Вечером усердный factotum [36] , капитан-шпион-курьер-адъютант… выехал в путь. У Христенека было только это одно черновое донесение, зашитое в подкладке сюртука. Официальный курьер должен был ехать позднее…
– Ну, не попадись где, Иван Николаевич, – сказал граф. – Царица наградит! Что будет выспрашивать, все сказывай не робея, все, что про меня знаешь и видел… Она смешлива… А мы тут с принцессой чудили немало.
– И вы не мешкайте здесь, – осмелился сказать и Христенек. – А пуще всего опасаюсь я энтого иезуита, капеллана ее, Ганецкого. Ведь он неведомо где… Может, бродит тут поблизости вас. Помилуй Бог!
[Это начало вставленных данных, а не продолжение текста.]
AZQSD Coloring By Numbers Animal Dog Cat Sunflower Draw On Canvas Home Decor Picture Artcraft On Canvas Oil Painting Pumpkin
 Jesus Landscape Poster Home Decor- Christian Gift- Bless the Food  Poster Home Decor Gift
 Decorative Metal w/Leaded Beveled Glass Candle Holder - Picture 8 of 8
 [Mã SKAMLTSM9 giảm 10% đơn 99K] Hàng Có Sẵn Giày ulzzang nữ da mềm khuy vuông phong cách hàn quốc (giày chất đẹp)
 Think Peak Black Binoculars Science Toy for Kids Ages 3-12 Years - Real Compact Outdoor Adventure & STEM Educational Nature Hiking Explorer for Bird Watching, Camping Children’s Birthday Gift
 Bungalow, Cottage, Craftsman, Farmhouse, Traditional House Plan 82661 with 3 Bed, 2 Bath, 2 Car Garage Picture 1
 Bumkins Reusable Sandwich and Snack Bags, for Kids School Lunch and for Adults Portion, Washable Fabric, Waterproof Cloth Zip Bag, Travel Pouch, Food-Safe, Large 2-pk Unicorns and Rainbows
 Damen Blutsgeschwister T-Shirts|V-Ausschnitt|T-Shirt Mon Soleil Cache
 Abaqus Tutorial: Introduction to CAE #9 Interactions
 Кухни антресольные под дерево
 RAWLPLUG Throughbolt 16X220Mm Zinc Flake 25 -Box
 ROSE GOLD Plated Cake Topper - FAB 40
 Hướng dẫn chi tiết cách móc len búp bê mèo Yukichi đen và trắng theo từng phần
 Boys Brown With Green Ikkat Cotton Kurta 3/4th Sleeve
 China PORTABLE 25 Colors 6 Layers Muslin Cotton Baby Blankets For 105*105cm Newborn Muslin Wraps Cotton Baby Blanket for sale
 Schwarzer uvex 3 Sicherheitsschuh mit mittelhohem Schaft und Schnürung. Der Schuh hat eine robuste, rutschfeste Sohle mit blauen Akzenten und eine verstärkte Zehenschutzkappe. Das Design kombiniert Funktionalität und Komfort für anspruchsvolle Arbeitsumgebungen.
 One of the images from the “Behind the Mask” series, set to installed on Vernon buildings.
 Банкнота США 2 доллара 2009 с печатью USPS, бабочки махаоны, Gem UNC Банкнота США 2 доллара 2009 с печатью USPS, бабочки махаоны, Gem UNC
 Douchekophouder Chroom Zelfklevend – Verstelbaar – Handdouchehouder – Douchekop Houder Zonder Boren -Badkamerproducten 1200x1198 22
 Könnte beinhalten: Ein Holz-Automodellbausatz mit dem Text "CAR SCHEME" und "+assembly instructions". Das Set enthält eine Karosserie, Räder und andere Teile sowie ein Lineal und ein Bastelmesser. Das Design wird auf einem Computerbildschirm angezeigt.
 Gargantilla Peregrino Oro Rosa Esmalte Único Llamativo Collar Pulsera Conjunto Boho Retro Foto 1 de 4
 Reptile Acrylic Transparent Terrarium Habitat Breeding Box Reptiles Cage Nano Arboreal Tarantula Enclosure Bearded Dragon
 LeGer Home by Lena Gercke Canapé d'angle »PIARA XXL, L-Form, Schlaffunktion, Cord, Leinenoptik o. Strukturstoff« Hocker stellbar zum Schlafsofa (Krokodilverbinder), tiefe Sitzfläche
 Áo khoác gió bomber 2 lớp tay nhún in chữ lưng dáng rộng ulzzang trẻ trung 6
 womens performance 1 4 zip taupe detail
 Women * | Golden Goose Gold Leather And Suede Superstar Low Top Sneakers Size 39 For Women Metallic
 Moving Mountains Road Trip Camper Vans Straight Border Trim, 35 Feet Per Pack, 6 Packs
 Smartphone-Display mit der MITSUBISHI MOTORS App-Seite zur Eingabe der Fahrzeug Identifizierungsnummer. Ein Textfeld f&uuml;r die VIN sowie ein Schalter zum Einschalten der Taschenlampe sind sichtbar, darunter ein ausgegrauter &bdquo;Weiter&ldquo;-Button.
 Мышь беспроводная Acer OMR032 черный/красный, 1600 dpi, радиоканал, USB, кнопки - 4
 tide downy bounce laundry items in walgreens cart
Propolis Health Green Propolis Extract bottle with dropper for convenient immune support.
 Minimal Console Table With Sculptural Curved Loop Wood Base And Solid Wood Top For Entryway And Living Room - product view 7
– Нет. Нет. Не замешкаюсь. Мне что черт, что иезуит… Боюсь обоих. Завидишь первую церковь православную на границе, перекрестися и меня помяни!..
XXXII
26 февраля русская эскадра снялась с якоря и двинулась из Ливорно в открытое море. Тосканцы волновались, грозились, видя, как исчезают в синеве моря на их глазах русские корабли, увозящие с собой насилием взятую «знатную даму», их гостью.
Великий герцог прислал к Орлову своего адъютанта, но слишком поздно… Эскадра была уже далеко, а тот отвечал вымыслом, что им взята русская подданная, виновная в простом преступлении на родине, откуда бежала и где теперь ждет ее суд.
Через несколько дней Орлов поздно вечером выехал сам из города, чтобы никогда в него не возвращаться… Он направился на почтовых прямо на север Италии по пути в отечество.
Скоро тосканцы забыли о событии и коварном предательском поступке русского вельможи, которого так любили.
Но месяца через два по всей Италии распространился нелепый слух, пришедший из Франции. Говорили, что в Бордо остановилась русская эскадра путем из Италии и одновременно приехал туда русский вельможа, а затем на одном из кораблей при свидании вельможи с красавицей-пленницей произошло убийство последней.